What the task asks :: Transcribe the lines below exactly. No image belongs in the transcription.

Provided information ::

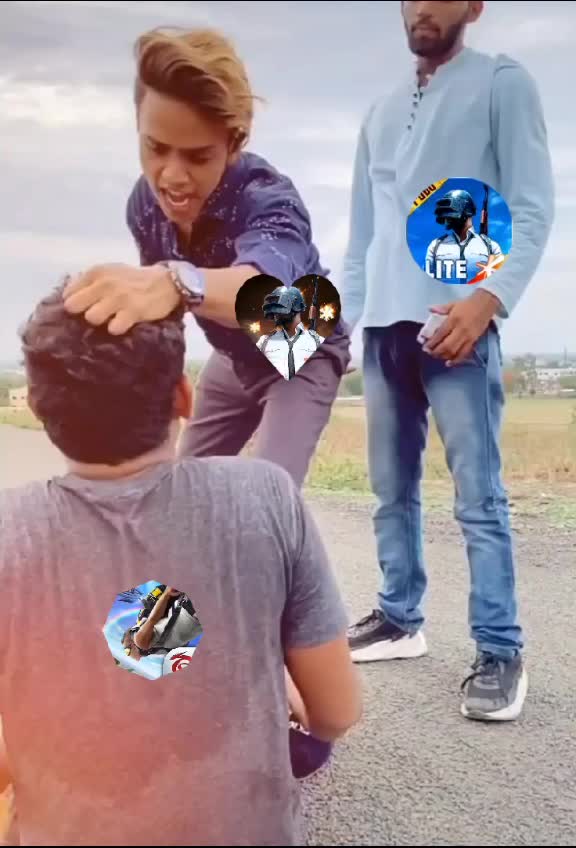 @Ajijul Sk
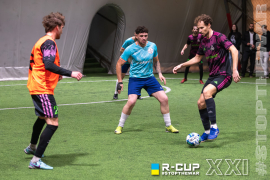 <a href="https://st.getinfootball.com/albums/1101336/69f79f9752f63_1920.jpg" target="_blank">Завантажити оригінал</a>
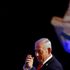 The shadow of Qatari funds over the Israeli elections. The right: “They were for the Arabs”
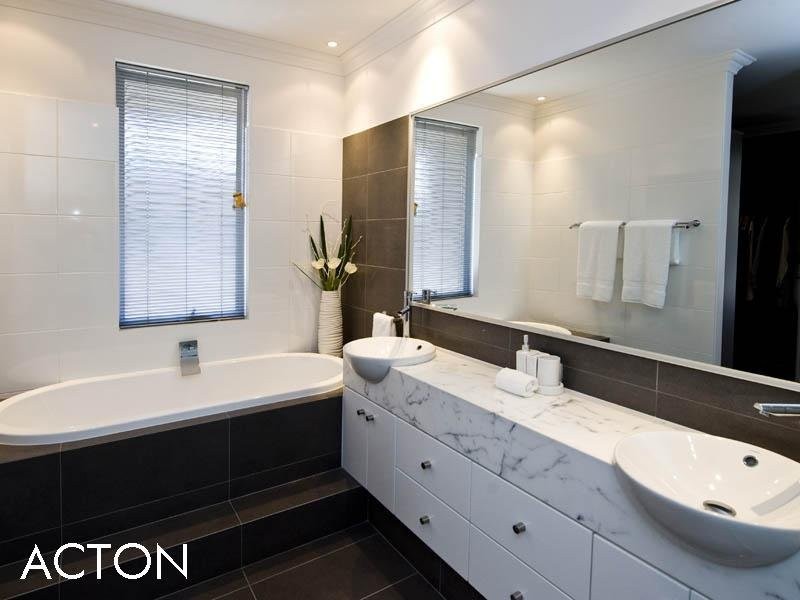 10 Derry Lane, Mosman Park WA 6012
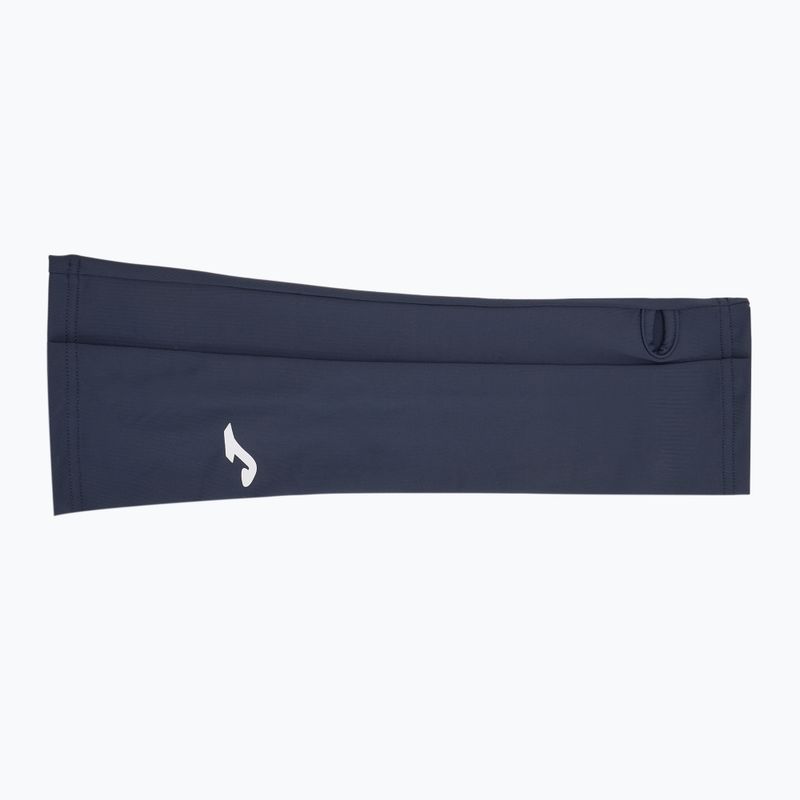 Rękawki siatkarskie Joma Arm Warmer navy 6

Solution to this exercise ::
 @Ajijul Sk
 <a href="https://st.getinfootball.com/albums/1101336/69f79f9752f63_1920.jpg" target="_blank">Завантажити оригінал</a>
 The shadow of Qatari funds over the Israeli elections. The right: “They were for the Arabs”
 10 Derry Lane, Mosman Park WA 6012
 Rękawki siatkarskie Joma Arm Warmer navy 6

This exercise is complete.